The tough-on-crime platform that led Gov. Parris N. Glendening to all but abolish parole for inmates serving life sentences will be challenged today in Maryland's highest court.
The case represents the toughest challenge to the no-parole policy, said David C. Wright, attorney for Prisoner's Rights Information Systems of Maryland Inc. If inmate Walter E. Lomax succeeds in the state's Court of Appeals, the ruling could affect the sentences of about 2,000 inmates serving life sentences.
The case stems from Glendening's 1995 statements that he would not grant parole to anyone serving a life sentence and that he had ordered the parole commission not to forward him any recommendations, except for very old or terminally ill inmates.
"It's the court's function to impose a life without parole sentence if that's appropriate. It's not the governor's function to turn all parolable life sentences into life without parole," Wright said.
The state argues that Glendening's statements are simply statements.
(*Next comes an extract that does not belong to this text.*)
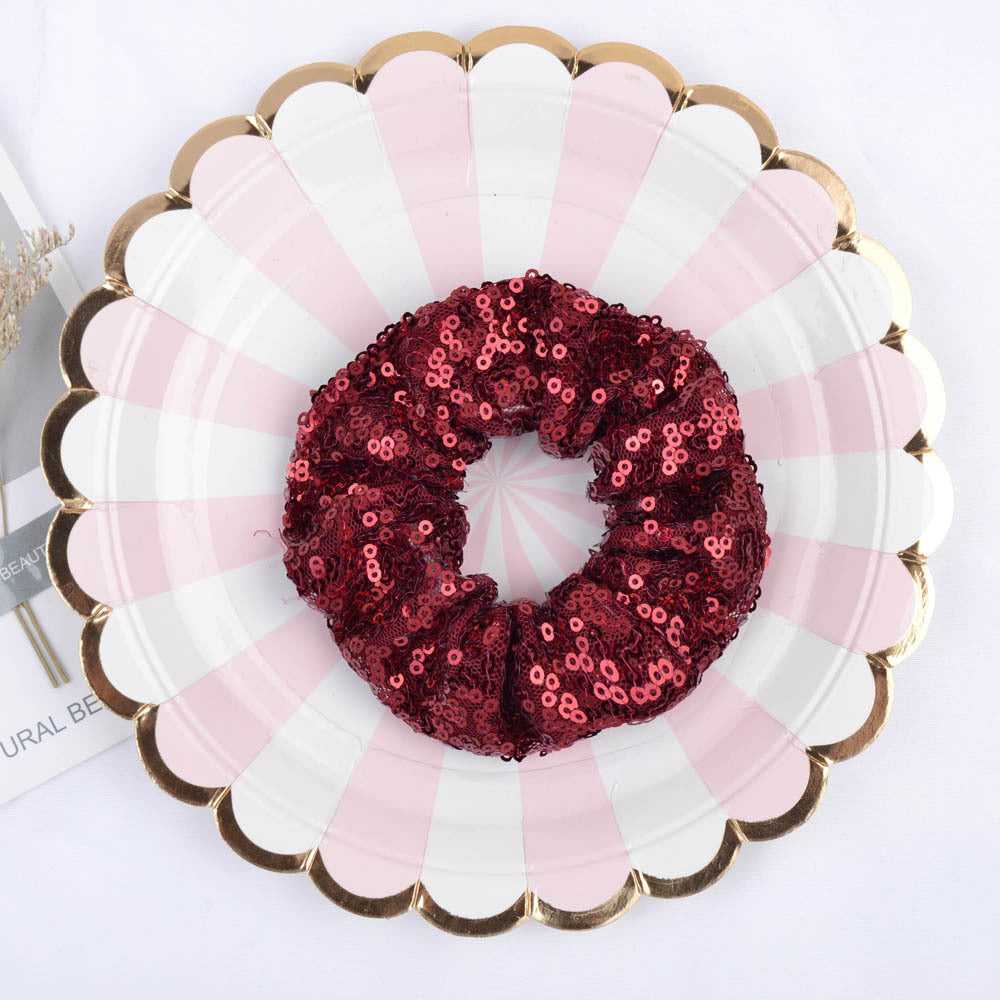 Women's Casual Simple Style Solid Color Cloth Sequins Hair Tie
The parole commission is forwarding recommendations to him, but ultimately he has the power to decide whether to grant parole to prisoners with life sentences, said Stuart M. Nathan, assistant attorney general for the state Department of Public Safety and Correctional Services.
"The governor is simply exercising his discretion," Nathan said. "The parole commission continues to do its job and the governor continues to do his job."
Lomax was sentenced to life in prison in 1969 for murder. He was recommended for parole in 1989 and 1994, Wright said, but was turned down twice by previous governors. The last time he appeared before the parole board, in 1997, he was not recommended.